The audacity files inside the _DATA folder do not follow conventional naming practices, so sometimes they don’t survive a good “cleaning.”

Did Audacity complain that it couldn’t find files, or it just created silent spots? At one time the show played from beginning to end, right?

I think you’re stuck, but I’m not a Windows elf. We can wait for one of those.

Koz

Another bit of bad news. Audacity Projects do not save UNDO, so there’s no such thing as Edit > UNDO until everything comes back.

Koz

Well, this is sad.

Audacity didn’t complain and it took me about a week to notice precicely because Audacity behaved normally. It just created the silent spots at the end of the recording.

If audio data is missing from a project, Audacity displays an error message “Warning missing audio data block file(s)…” and offers three choices:

  • Close Audacity immediately with no further changes
  • Treat missing audio as silence (this session only)
  • Replace missing audio with silence (permanently immediately)

The first option is the default.

Thank you all for your replies.

So the deed is done and there’s no way I can recover the missing data?

Koz, sorry but that is not the correct preference to change. That only sets Audacity to copy in when saving a project. It has no effect if you launch Audacity, import a WAV file then delete the WAV. The Preference to change which works at the point of import is at the top of Import / Export Preferences.


Gale

Did this project contain imported files or is it only a recording?

Is it a project with multiple tracks? Open the AUP file and do View > Fit Vertically to see all the tracks. If any tracks are muted, unmute them.

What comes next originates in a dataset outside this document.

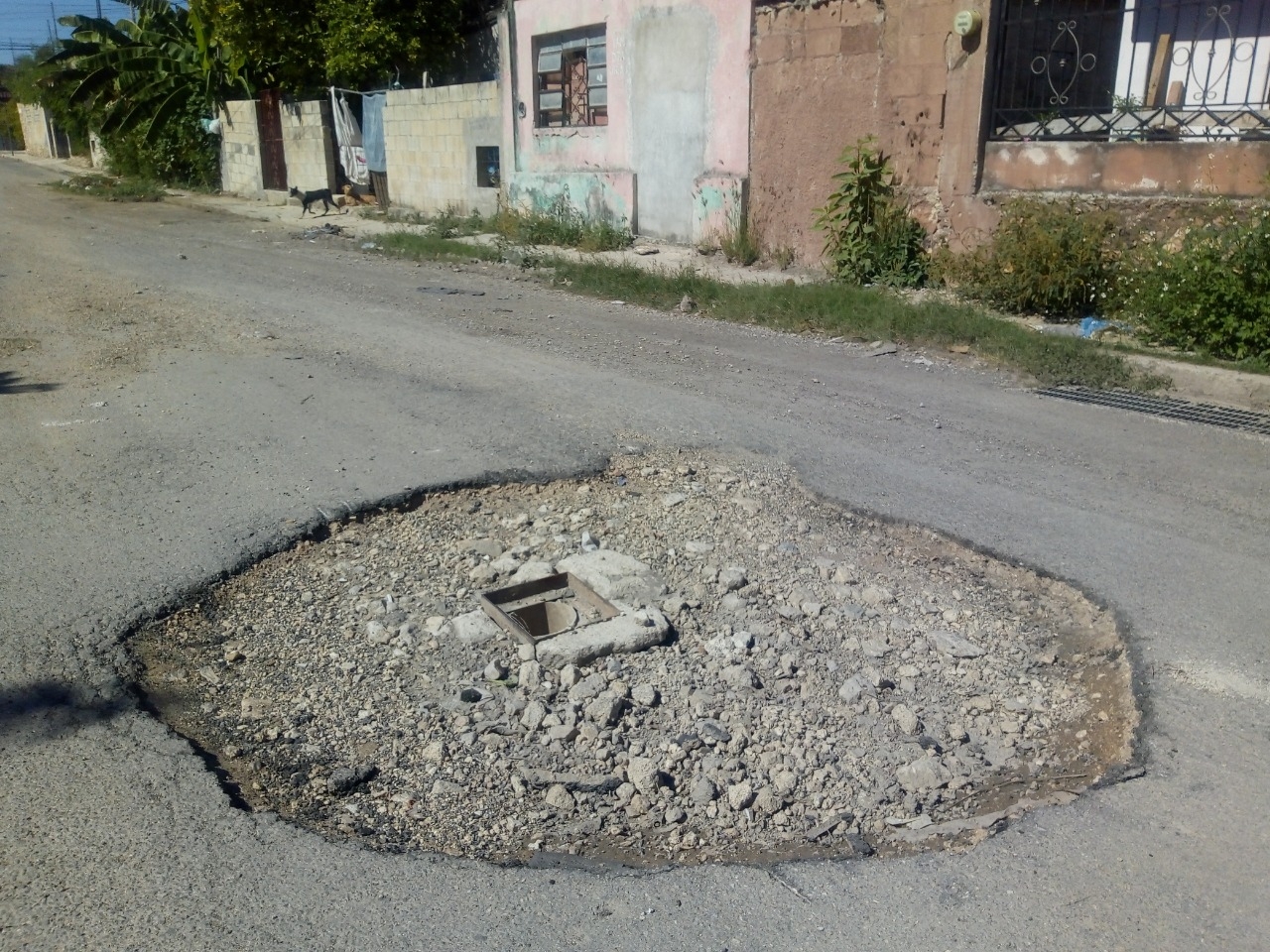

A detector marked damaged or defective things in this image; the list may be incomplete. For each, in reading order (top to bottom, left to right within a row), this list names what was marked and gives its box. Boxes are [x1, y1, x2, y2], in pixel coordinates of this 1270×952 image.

damaged manhole cover [134, 450, 1135, 865]
large pothole [134, 450, 1135, 865]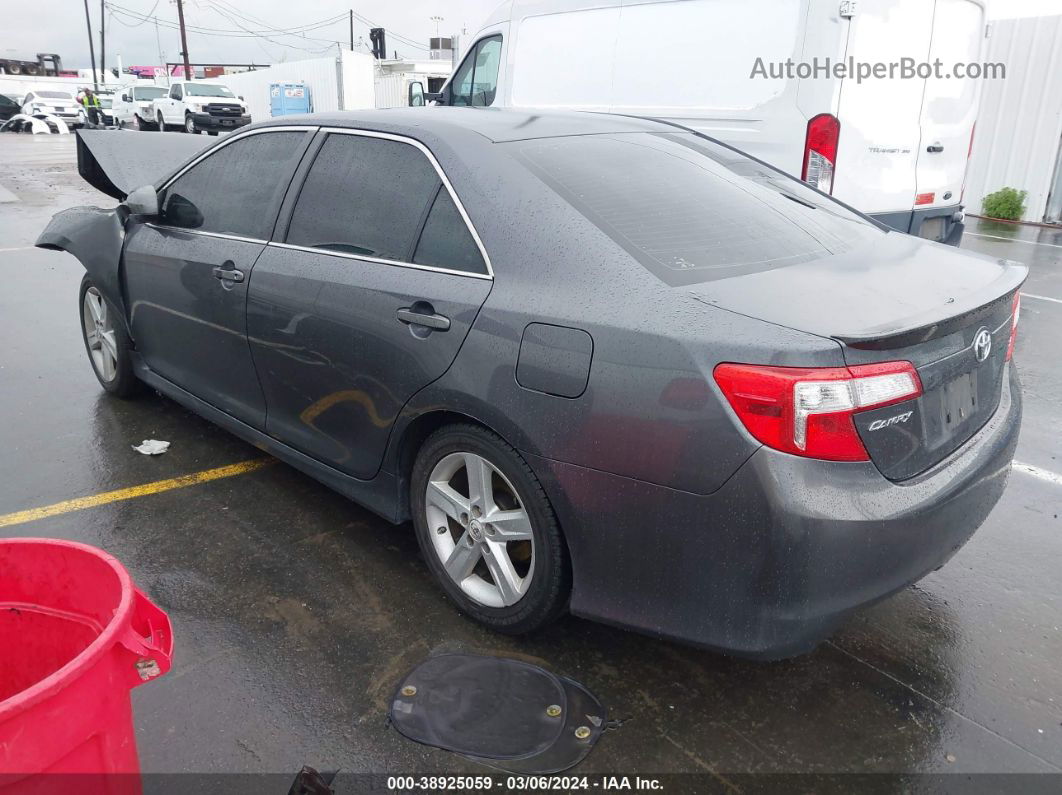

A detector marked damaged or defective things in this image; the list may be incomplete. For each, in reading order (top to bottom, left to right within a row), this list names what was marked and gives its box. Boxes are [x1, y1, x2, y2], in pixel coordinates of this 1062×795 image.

If that does not help, open Help > Show Log… after opening the project. Save the log file. Attach the log file and the AUP file here. See How to attach files to forum posts.


Gale

The project has just one track.

I also installed the FFmpeg Import/Export Library but the silent parts are still there. Maybe the log will provide some useful information. The FFmpeg libraries seem to load successfully, though.
log.txt (4 KB)

The log contains errors from Sequence.cpp about not being able to read samples. Do those errors occur only while you are playing the project? That is when you first open the project but don’t play it, the errors such as “22:27:19: Warning: Expected to read 137312 samples, got 0 samples” are not there?

The FFmpeg library is not relevant to reopening a saved project.

As previously asked, is the project a recording or does it contain imported files? If it’s a recording that you never edited and there is a problem with the AUP file but not the data, then you could try to recover the data manually from the project’s _data folder.

But as previously requested, I suggest you attach the AUP file so we can see that.


Gale

No, there are no such errors in the log when I first open the recording. The project is a recording and no data has been imported or edited.

I will try to recover the data manually and see how that goes. Thanks, Gale!